**YOUR ASSIGNMENT:** What you copy should be the lines from the one with "Polo Ralph Lauren" through the end of the entries, word for word. Omit the pictures.

**INFORMATION GIVEN:**
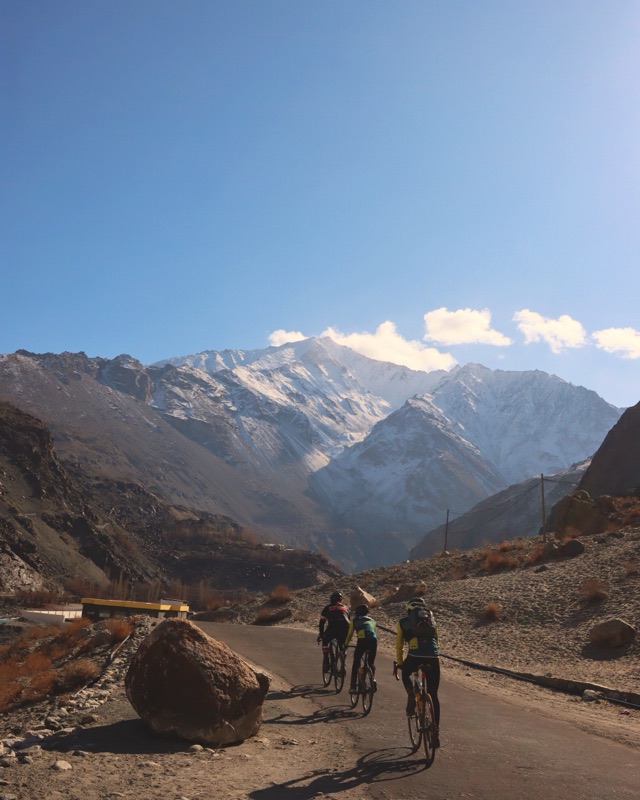 The three riders taking a break together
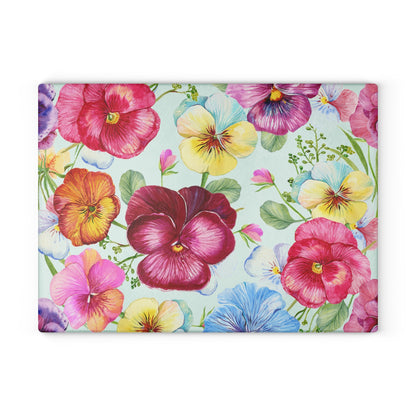 Pansy Cutting Board a Floral Tempered Glass Cheese Board, Unique Floral Chopping Board & Flower Counter Protector, Floral Kitchen decor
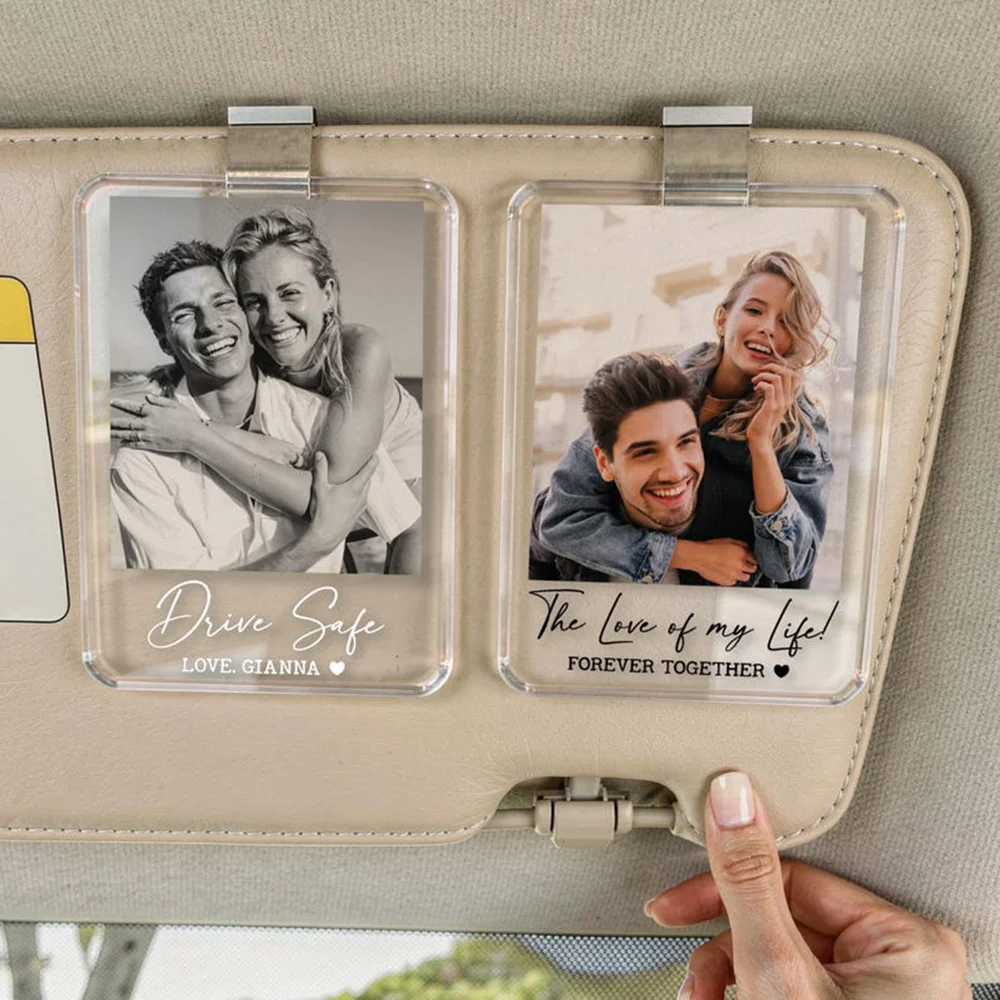 

Custom Couple Photo Car Visor Clip Drive Safe I Love You Personalized Car Interior Decoration Sweet Valentine Gift For Lover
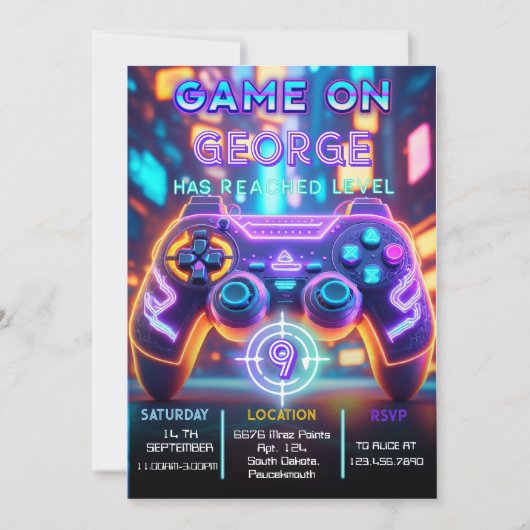 Videospiel Geburtstag Einladung (Vorderseite)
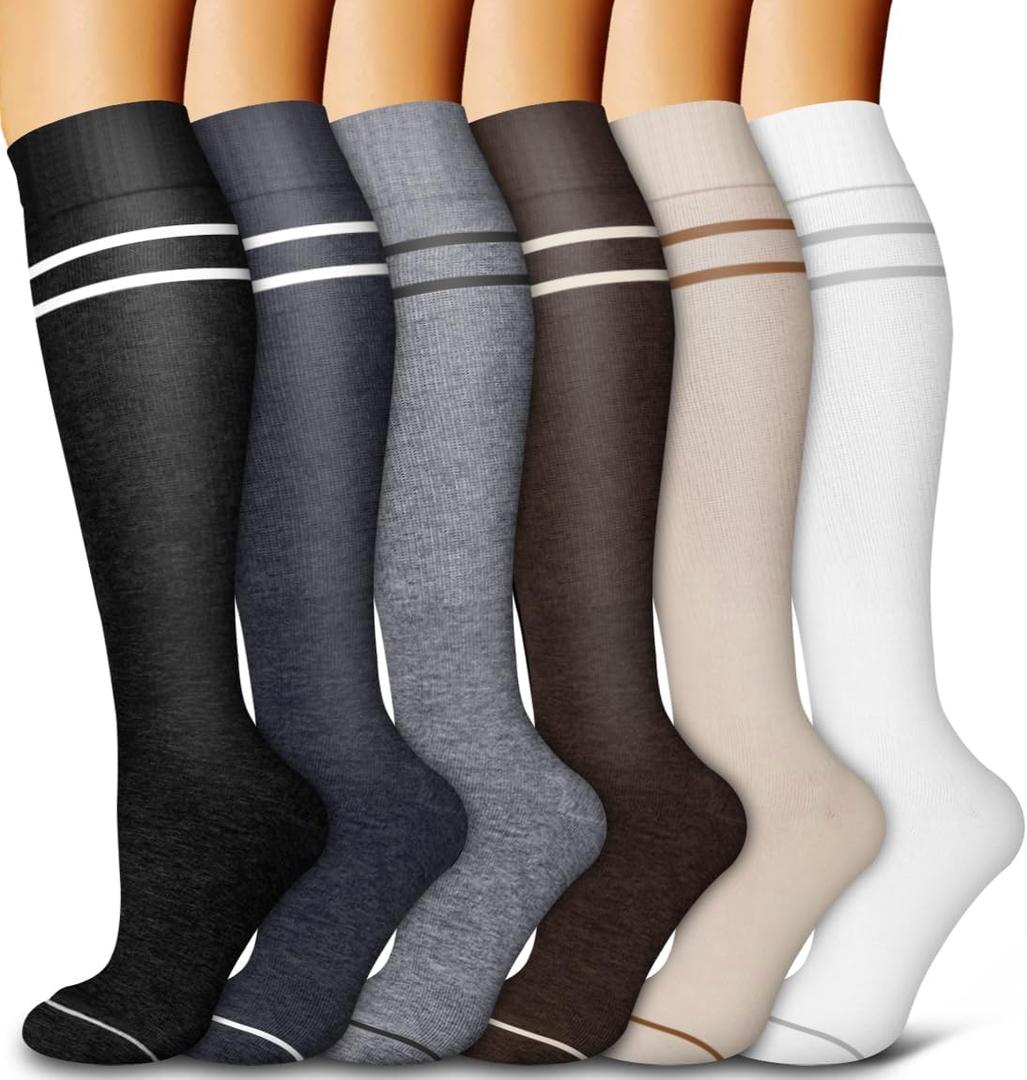 Bluemaple 6 Pack Copper Compression Socks for Women and Men Circulation-Best Support for Medical, Running,Nursing,Athletic (Small-Medium)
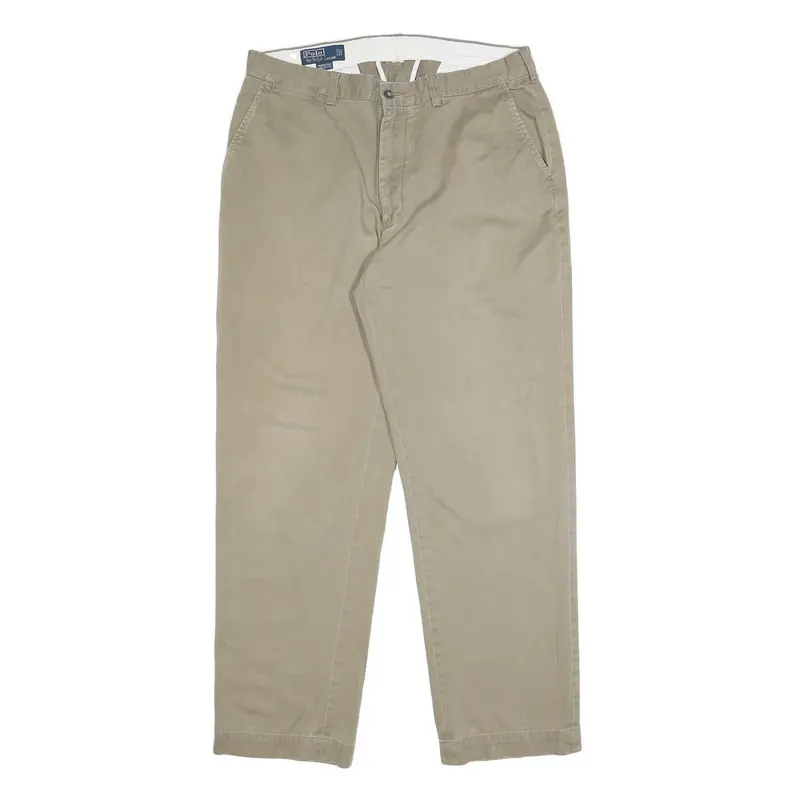 Polo Ralph Lauren Mens Cotton Beige Relaxed Straight Trousers W35 L32 Casual 1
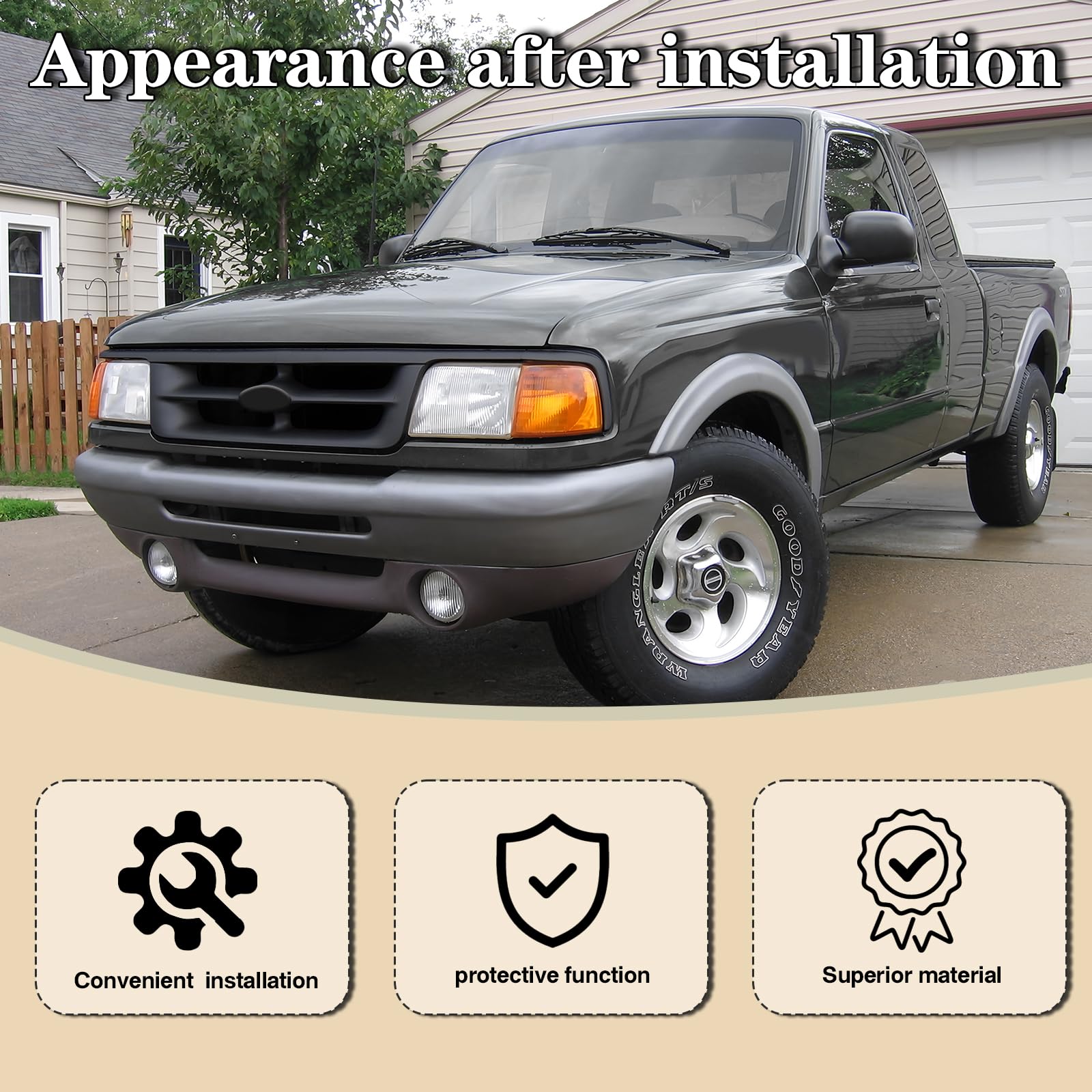 For 1998-2000 Ford Ranger 2WD Upper Stainless Steel Chrome Billet Grille Insert-908863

**TASK ANSWER:**
 Polo Ralph Lauren Mens Cotton Beige Relaxed Straight Trousers W35 L32 Casual 1
 For 1998-2000 Ford Ranger 2WD Upper Stainless Steel Chrome Billet Grille Insert-908863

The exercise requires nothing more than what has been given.